For Today I Am a BoyOver the past several years, the transgender perspective—once a marginal voice even within the LGBT community—has gradually emerged into the mainstream. In 2003, Jeffrey Eugenides’ novel Middlesex helped raise awareness of gender identity issues when it was awarded the Pulitzer Prize. Elsewhere, transgender actress Laverne Cox has found acclaim on a popular show, and actor Jared Leto recently won an Oscar for his depiction of a transgender woman.  Recognition is not tantamount to acceptance—for this, a long road still lies ahead—but Kim Fu has chosen an auspicious time for her first novel, For Today I Am a Boy (Houghton Mifflin Harcourt, 242 pages).

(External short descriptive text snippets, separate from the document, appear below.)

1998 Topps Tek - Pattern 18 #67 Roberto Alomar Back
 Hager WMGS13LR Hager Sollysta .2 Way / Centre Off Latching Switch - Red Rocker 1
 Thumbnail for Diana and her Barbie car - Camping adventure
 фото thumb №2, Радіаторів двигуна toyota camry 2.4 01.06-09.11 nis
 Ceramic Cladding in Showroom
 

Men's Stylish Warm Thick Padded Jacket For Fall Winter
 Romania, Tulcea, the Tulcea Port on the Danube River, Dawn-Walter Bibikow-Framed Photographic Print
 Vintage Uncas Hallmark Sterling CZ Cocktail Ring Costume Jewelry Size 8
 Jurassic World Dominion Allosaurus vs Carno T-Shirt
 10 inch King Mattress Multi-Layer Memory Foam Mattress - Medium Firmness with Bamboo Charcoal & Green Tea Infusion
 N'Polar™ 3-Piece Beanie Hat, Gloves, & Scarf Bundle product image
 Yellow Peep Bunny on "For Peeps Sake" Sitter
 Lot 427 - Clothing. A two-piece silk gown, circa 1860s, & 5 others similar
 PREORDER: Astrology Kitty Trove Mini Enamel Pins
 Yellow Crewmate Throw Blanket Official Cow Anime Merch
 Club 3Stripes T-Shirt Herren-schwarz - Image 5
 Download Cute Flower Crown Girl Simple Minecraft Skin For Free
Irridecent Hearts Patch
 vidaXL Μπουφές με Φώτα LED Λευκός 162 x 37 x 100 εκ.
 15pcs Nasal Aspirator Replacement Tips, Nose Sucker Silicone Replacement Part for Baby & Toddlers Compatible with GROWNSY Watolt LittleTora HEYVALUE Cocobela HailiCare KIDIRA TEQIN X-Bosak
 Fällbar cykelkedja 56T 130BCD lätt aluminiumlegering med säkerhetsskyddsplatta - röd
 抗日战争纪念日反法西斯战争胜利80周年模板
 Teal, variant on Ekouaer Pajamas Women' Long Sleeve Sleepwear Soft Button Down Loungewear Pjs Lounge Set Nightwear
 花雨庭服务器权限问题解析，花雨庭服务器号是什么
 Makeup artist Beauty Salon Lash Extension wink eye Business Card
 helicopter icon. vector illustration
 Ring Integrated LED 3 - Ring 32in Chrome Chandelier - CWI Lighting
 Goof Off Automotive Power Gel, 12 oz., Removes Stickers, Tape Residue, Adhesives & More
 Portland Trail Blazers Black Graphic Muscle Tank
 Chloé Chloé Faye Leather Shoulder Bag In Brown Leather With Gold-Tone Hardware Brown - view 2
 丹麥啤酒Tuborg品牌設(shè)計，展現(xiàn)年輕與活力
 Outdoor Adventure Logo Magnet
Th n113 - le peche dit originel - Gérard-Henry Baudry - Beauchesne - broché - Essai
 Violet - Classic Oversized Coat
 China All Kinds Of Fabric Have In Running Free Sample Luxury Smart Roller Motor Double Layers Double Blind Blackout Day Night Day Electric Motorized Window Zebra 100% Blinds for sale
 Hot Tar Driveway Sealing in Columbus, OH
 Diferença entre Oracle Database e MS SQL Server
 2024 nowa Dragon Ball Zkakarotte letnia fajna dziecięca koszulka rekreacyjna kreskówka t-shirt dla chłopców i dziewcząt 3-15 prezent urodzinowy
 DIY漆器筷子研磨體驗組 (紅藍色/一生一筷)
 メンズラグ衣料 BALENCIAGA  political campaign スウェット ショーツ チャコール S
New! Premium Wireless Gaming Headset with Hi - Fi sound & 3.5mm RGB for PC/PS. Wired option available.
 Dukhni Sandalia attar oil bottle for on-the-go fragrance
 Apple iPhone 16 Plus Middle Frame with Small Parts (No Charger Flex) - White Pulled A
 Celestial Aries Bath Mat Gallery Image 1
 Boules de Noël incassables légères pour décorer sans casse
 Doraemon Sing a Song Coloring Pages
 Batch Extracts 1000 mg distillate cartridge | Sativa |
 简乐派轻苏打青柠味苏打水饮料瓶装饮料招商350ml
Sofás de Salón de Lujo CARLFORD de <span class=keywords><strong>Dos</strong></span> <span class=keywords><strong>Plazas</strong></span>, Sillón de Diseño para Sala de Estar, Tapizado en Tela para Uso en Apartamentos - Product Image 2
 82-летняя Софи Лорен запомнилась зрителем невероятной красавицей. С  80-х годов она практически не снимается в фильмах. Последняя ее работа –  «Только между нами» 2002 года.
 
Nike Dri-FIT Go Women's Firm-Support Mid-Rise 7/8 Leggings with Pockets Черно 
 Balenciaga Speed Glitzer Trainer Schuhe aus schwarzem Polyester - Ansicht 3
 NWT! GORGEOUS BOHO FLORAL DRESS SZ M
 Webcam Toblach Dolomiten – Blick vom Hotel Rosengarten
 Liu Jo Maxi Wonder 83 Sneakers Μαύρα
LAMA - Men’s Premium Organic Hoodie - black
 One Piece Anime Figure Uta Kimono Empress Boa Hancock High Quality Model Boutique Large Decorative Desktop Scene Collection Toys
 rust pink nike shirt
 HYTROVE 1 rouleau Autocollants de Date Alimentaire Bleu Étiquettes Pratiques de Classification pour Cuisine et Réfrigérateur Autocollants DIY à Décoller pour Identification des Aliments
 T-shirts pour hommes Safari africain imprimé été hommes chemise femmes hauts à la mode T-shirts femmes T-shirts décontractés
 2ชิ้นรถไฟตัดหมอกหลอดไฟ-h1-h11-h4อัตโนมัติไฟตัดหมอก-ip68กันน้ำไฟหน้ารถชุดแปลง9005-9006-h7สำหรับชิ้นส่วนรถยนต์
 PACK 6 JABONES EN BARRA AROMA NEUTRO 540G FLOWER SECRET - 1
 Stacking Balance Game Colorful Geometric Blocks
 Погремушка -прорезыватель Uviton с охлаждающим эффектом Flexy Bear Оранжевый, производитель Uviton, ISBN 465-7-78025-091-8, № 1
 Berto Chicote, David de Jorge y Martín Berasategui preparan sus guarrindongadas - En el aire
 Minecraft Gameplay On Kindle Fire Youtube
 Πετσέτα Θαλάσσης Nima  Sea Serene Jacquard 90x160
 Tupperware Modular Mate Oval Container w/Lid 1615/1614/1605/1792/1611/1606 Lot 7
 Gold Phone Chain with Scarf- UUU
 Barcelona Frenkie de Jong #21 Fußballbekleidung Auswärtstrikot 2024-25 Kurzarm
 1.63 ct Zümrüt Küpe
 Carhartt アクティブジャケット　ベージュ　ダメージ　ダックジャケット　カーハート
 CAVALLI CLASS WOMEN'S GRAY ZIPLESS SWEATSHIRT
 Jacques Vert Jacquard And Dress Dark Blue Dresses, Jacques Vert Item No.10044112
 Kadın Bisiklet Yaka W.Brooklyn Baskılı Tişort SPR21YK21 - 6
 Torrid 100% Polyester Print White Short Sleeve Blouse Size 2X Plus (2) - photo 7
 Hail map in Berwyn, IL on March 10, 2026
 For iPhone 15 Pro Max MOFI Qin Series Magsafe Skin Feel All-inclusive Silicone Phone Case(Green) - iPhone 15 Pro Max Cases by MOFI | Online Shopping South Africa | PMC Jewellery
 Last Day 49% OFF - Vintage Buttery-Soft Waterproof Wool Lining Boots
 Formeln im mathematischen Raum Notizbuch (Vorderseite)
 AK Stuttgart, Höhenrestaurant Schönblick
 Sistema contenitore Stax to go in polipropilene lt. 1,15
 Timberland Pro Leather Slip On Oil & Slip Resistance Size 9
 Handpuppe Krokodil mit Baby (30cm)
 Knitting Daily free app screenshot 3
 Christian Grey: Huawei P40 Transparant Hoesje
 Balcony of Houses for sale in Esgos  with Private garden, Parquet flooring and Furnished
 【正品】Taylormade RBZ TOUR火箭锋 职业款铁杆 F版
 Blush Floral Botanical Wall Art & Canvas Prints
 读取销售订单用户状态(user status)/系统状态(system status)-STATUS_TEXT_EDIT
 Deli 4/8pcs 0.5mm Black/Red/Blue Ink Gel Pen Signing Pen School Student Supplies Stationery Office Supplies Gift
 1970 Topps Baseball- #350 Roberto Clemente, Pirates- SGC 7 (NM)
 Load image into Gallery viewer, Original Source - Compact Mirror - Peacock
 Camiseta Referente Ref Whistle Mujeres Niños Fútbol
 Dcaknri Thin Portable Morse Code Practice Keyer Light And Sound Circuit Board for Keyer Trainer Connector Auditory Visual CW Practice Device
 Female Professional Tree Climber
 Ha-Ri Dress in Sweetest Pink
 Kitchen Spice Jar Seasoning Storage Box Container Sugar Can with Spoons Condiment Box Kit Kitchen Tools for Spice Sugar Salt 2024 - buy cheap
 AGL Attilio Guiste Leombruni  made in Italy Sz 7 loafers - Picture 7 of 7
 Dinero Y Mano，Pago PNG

The story, which takes place in Canada, is about Peter Huang, the only son of Chinese immigrants, and his three sisters, Adele, Helen, and Bonnie. Peter’s father, an aloof and demanding man, is determined to distance his family from their Chinese past and subsume completely into their new culture. To this end, Cantonese is forbidden in the house, traditional Chinese soup, mistakenly cooked by the mother, is poured out on the lawn, and Peter, as his father’s male heir, is expected to become an ideal of Western masculinity. However, even at a young age, Peter realizes he is different. Playing with his sisters, he cries when he learns he should be handsome, “like Father or Bruce Lee,” and says he just wants to be pretty like them.  Later, when he is caught in the cruel games of schoolyard boys, he confesses that “Boys were ugly and foreign, like another species. Like baboons. I was not one of them. The evidence was right there, all the time, tucked into my tight underwear, but I still didn’t believe it. I didn’t have one of those things, that little-boy tab of flesh.”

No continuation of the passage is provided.